<<<<
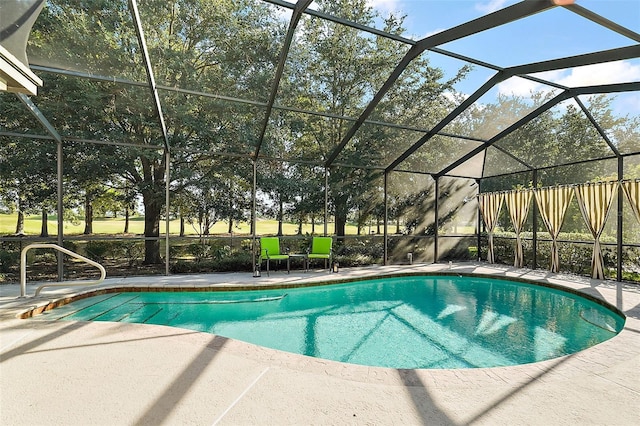 view of swimming pool with a patio area and glass enclosure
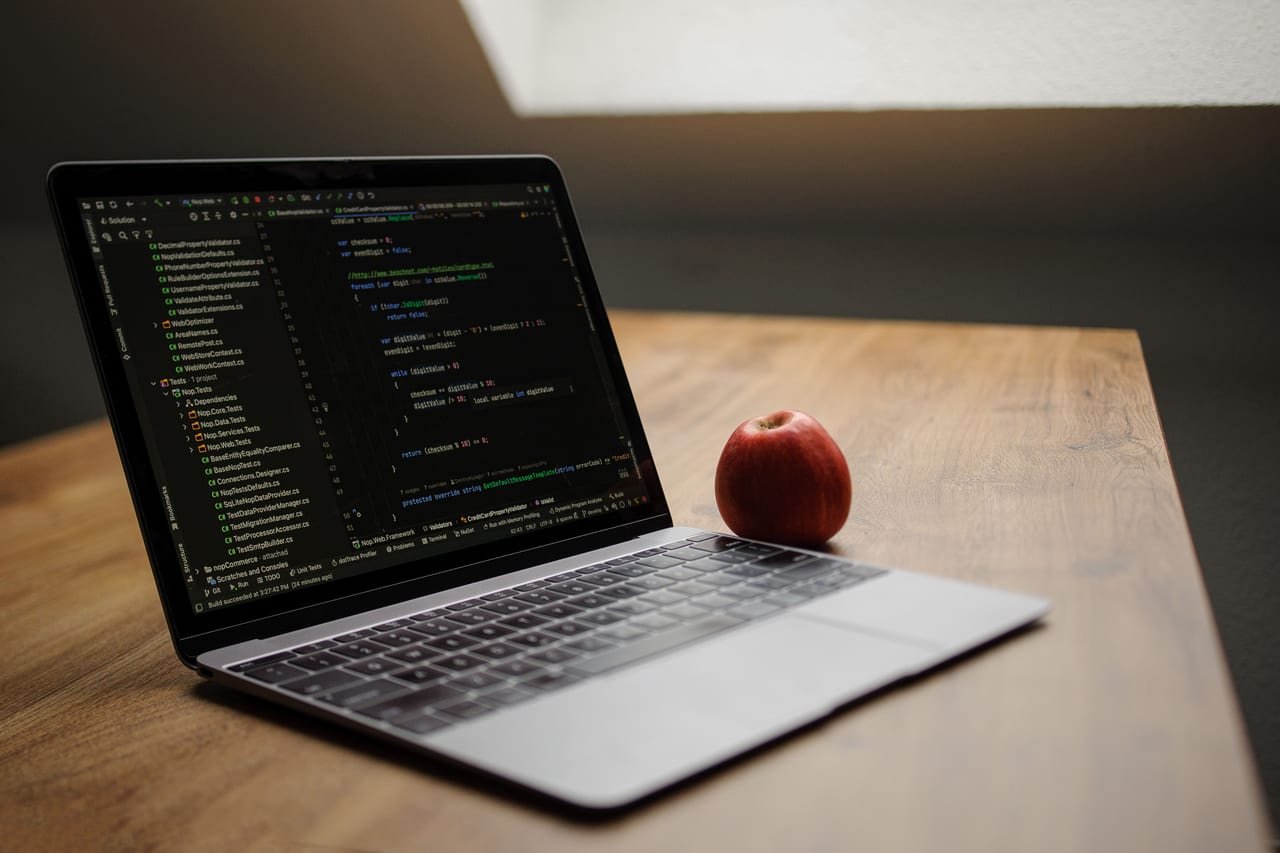 Aufgeklapptes Notebook mit Quelltext auf einem Holztisch, daneben liegt ein roter Apfel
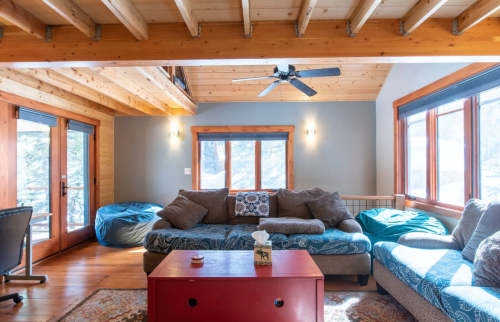 Cozy living room with wooden beams, a large sofa, bean bags, and a red coffee table, featuring natural light from windows.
>>>>
__Task to complete__. An exact copy of the listing above is to be set down, with no pictures in it.

__Answer__.
 view of swimming pool with a patio area and glass enclosure
 Aufgeklapptes Notebook mit Quelltext auf einem Holztisch, daneben liegt ein roter Apfel
 Cozy living room with wooden beams, a large sofa, bean bags, and a red coffee table, featuring natural light from windows.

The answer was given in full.